Гнев его мигом растаял, словно прошлогодний сугроб. Под желтоватым снегом обнаружились слезы. Он угрюмо боролся с ними, преисполненный мрачной решимости и чувствуя себя преданным. И почему это происходит, когда он трезв как стеклышко? Ведь в трезвом виде легче держать себя в руках. Его же так и подмывало расплакаться у нее на плече и выболтать все как на духу; словно мальчишке с расквашенным носом у мамочки в объятиях. В любом случае он не сумел бы поведать ей, что случилось, поскольку в глубине души и сам этого не знал; а уж беспричинный плач и вовсе говорил о том, что дальше некуда.
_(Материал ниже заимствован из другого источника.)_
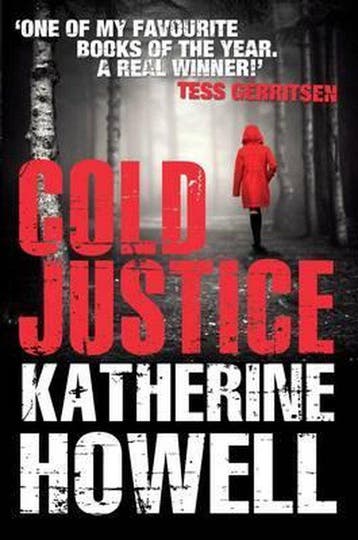 Cold Justice - Katherine Howell 9780330521338, Verzenden, Zo goed als nieuw, Katherine Howell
Только в психушку.
— Не знаю, — ответил он наконец.
— Чарли?
Беспомощно он произнес:
— Если дело в Чарли, то почему ты не замечала всего остального?
— Я ведь тоже тоскую по нему, Барт. До сих пор. Каждый час, каждую минуту.
Опять обида. Странно ты это выказывала.
— Нет, так ничего не выйдет, — сказал он наконец. Слезы катились по щекам, но он не замечал их и не позволял голосу дрожать. — Это не телефонный разговор. Давай пообедаем вместе в понедельник. Скажем, в «Хэнди-Энди».
— Хорошо. Во сколько?
— В любое время. Думаю, с работы меня отпустят. — Шутка прозвучала банально и в пустоту.
— В час устроит?
— Вполне. Я закажу столик.
— Хорошо. Только не вздумай прийти на пару часов раньше и напиться.
— Не напьюсь, — угрюмо буркнул он, зная наперед, что это не так.
Воцарилось молчание. Говорить больше было не о чем. Где-то в отдалении чьи-то голоса еле слышно обсуждали свои проблемы. И вдруг Мэри произнесла нечто, заставшее его врасплох:
— Барт, мне кажется, тебе следует показаться психиатру.
Ему показалось, что он ослышался.
— Кому?
— Психиатру. Я понимаю, как дико это звучит, но хочу, чтобы ты уяснил себе: если не покажешься психиатру, я ни за что к тебе не вернусь.
— До свидания, Мэри, — медленно произнес он. — В понедельник увидимся.
— Барт, я бессильна тебе помочь. Тебе необходим психиатр.
— Я и сам это знаю. До свидания, Мэри, — тщательно подбирая слова, ответил он и, прежде чем она успела что-либо сказать, положил трубку. И вдруг поймал себя на том, что почти рад. Он победил. Выиграл гейм, сет, а с ним и всю игру. Швырнул через всю комнату пластмассовый молочник и тут же порадовался, что не бросил нечто бьющееся. Открыл шкафчик над кухонной раковиной, взял два первых подвернувшихся под руку стакана и, от души размахнувшись, шмякнул их об пол. Послышался звон, во все стороны брызнули осколки.